日本の田舎の女子中学生だったわたしには「わからない」映画だった。



それが、論文を書き上げたこのタイミングで新宿でかかっているというので、白昼一人で見に行った。
そして、30年前のアル・パチーノにやられた。
いまはどちらかというと嗄れ声の「軽い」おじさん(そろそろおじいさん、か)という感じなのに、なにあれ。びっくりする。惚れざるを得ない。
「しびれる」という言葉を慎んで送りたいと思います。30年後に今のようにならないならけっこんしたい。

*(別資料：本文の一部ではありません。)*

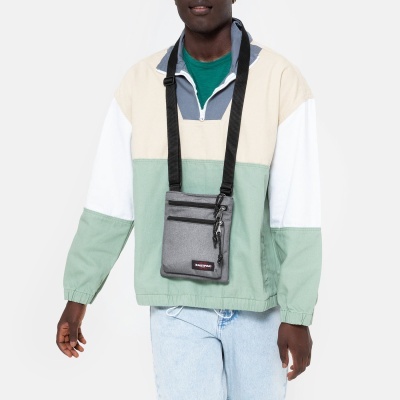 Bolsa Eastpak Rusher Sunday Grey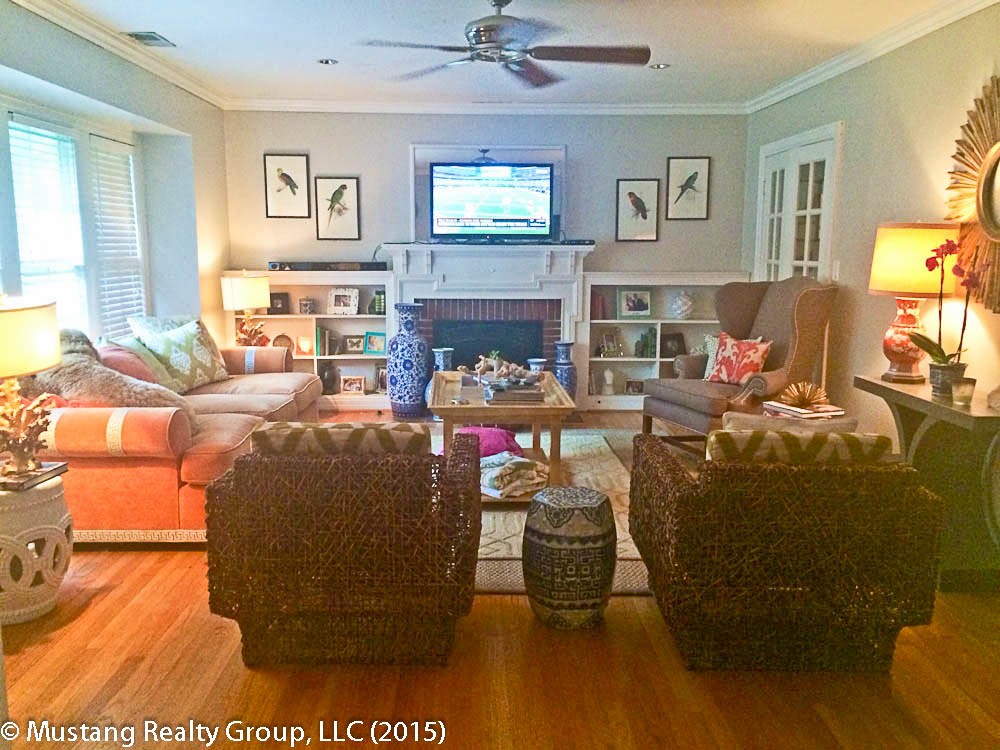 5526 Anita Street Dallas TX 75206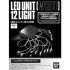 LED 유닛 (화이트/12구)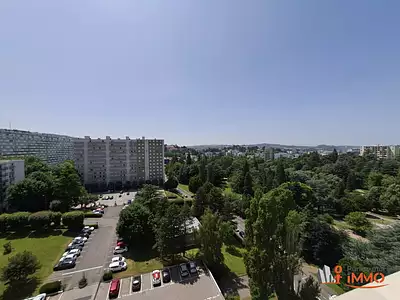 Appartement, 31 m²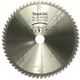 Alloy cutting blade for aluminum 165x20x60T MAKITA B-56530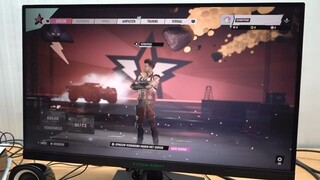 Gaming Monitor You Can Use For Everything Titan P2510S 240Hz IPS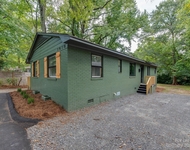 Unit for rent at 1418 Anderson Street, Charlotte, NC, 28205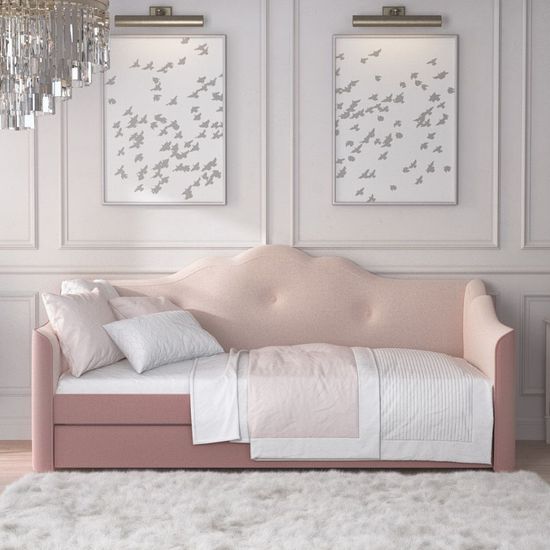 Кровать Форсаж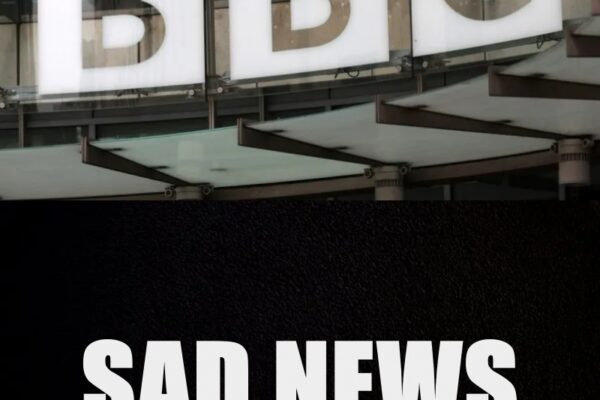 HEARTBREAKING NEWS: BBC legend hospitalised and shares devastating new...
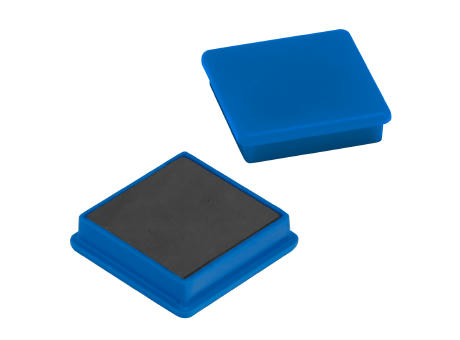 Magnet, quadratisch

はじめのシーン、妹の結婚式での坊ちゃん然とした軍服姿のマイケルが、中盤、馬面の麻薬の人(なんとも幼稚な表現だが)と悪徳警官に報復すべくレストランのトイレから隠してあった拳銃を持って出ていく前にいっとき、「ファミリー」の世界に入っていこうとする自分を認識するようにゆっくり髪を整えるマイケルになって、さらにラストシーン、ファミリーのみんなから「ドン・コルレオーネ」と呼びかけられるマイケルになる過程が、すごい。すごい格好良い。


さらに、個人的にアル・パチーノと同じくらい「やられた」のがトム役ロバート・デュヴァル。こんなに涼しげな青年だったのですね、あなたは、という感じです。プーチンに似てるけども。幸せな家庭生活を送るならこっちだな、と。(さっきからおかしなことを言っている自覚はあります。よ。)

外見は見るからに冷酷そうで、裏切る裏切らないでいえばまっさきに裏切りそうなのに、じつは最も忠実、みたいなのに自分が弱いということを思い出しました。


それから、衣裳がとてもかわいかった。特に、シチリアでのお見合い?のシーンで女の人たちが着ていたワンピース。


少しだけまじめなことを書くと、アメリカで、非アングロサクソンの移民が、どうしても生きていこうとする時に、「売春」というのは、やはり、「選択可能な選択肢」として確かにあるのだなぁということも思った。あ、あの歌手の人のショービジネスもか。